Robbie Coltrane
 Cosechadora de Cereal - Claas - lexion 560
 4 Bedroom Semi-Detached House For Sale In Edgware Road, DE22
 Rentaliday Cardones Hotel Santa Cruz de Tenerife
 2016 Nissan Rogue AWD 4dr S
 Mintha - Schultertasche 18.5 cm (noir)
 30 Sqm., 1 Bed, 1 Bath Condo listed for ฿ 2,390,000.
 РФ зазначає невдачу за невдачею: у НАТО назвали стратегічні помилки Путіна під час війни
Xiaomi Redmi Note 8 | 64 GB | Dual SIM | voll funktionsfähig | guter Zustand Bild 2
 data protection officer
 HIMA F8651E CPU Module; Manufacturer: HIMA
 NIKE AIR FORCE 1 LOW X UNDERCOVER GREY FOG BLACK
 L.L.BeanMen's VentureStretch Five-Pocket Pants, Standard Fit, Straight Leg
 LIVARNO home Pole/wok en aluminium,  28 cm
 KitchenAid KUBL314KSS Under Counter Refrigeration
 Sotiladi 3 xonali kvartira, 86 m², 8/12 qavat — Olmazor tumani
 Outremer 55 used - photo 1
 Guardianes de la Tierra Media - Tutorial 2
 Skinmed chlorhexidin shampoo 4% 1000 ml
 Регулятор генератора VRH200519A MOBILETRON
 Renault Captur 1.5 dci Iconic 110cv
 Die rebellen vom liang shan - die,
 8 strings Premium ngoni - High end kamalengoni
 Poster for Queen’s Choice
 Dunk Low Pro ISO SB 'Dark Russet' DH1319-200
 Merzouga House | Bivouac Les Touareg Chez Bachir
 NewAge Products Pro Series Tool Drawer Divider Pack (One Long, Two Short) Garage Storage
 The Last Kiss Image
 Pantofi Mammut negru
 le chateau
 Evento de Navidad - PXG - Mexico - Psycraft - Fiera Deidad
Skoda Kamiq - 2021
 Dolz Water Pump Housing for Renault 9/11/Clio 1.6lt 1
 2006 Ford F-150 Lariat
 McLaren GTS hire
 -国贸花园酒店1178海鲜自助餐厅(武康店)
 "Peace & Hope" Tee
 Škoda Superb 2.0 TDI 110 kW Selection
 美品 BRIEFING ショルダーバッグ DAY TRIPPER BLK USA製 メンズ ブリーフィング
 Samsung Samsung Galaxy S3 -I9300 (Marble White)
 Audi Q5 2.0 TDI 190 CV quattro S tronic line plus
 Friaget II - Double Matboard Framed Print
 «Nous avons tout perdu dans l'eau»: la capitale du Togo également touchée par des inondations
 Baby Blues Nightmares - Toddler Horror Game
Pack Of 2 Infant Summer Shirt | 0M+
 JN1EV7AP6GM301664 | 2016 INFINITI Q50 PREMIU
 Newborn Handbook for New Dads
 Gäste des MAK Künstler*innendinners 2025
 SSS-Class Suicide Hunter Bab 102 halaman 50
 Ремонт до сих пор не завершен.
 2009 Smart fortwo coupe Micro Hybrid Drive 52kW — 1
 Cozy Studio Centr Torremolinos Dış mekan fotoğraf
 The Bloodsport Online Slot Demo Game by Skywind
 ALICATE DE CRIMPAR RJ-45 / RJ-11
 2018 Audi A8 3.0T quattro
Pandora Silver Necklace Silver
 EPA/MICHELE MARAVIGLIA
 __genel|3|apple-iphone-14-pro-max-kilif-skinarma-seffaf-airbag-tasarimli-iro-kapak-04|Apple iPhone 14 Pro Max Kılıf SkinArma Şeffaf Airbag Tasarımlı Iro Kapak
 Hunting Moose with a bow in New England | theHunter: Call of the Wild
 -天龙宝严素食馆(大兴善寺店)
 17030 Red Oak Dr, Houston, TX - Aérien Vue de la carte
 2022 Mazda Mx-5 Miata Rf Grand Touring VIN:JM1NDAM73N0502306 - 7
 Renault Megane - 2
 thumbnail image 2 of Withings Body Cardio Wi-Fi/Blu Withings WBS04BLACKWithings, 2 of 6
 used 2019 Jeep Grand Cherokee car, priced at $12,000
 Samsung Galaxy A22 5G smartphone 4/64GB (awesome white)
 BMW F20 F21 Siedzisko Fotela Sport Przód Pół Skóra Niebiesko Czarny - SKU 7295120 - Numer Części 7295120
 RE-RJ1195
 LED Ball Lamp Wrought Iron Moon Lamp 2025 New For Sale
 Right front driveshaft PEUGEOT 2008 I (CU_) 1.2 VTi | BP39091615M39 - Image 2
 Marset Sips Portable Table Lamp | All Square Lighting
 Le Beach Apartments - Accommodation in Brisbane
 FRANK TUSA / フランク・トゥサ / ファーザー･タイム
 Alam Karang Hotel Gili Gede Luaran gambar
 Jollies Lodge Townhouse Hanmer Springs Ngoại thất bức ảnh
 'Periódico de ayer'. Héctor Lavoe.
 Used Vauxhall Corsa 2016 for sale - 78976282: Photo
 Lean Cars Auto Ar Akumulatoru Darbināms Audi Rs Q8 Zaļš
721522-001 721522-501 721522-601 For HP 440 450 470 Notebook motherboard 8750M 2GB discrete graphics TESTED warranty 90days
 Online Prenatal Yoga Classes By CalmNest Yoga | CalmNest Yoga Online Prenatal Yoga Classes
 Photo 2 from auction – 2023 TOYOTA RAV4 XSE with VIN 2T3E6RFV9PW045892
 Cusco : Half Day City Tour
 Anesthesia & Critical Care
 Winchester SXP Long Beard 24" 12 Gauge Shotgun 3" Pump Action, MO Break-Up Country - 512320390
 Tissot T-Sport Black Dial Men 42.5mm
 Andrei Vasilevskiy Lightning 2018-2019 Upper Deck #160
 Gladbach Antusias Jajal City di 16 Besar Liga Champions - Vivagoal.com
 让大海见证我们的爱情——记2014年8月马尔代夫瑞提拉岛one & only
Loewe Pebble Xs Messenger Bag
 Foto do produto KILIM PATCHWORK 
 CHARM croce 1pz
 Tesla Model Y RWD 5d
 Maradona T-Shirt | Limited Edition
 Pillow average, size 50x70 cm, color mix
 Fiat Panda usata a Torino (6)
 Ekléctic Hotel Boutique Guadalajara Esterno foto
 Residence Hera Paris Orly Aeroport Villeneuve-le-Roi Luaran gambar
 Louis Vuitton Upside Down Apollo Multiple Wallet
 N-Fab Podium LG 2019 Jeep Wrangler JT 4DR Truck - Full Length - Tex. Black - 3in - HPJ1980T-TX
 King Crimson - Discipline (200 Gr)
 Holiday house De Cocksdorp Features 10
--- --- ---
§ **Task goal**:
Show all lines from the data that contain "Long".

§ **Reply to the exercise**:
 NewAge Products Pro Series Tool Drawer Divider Pack (One Long, Two Short) Garage Storage
 Winchester SXP Long Beard 24" 12 Gauge Shotgun 3" Pump Action, MO Break-Up Country - 512320390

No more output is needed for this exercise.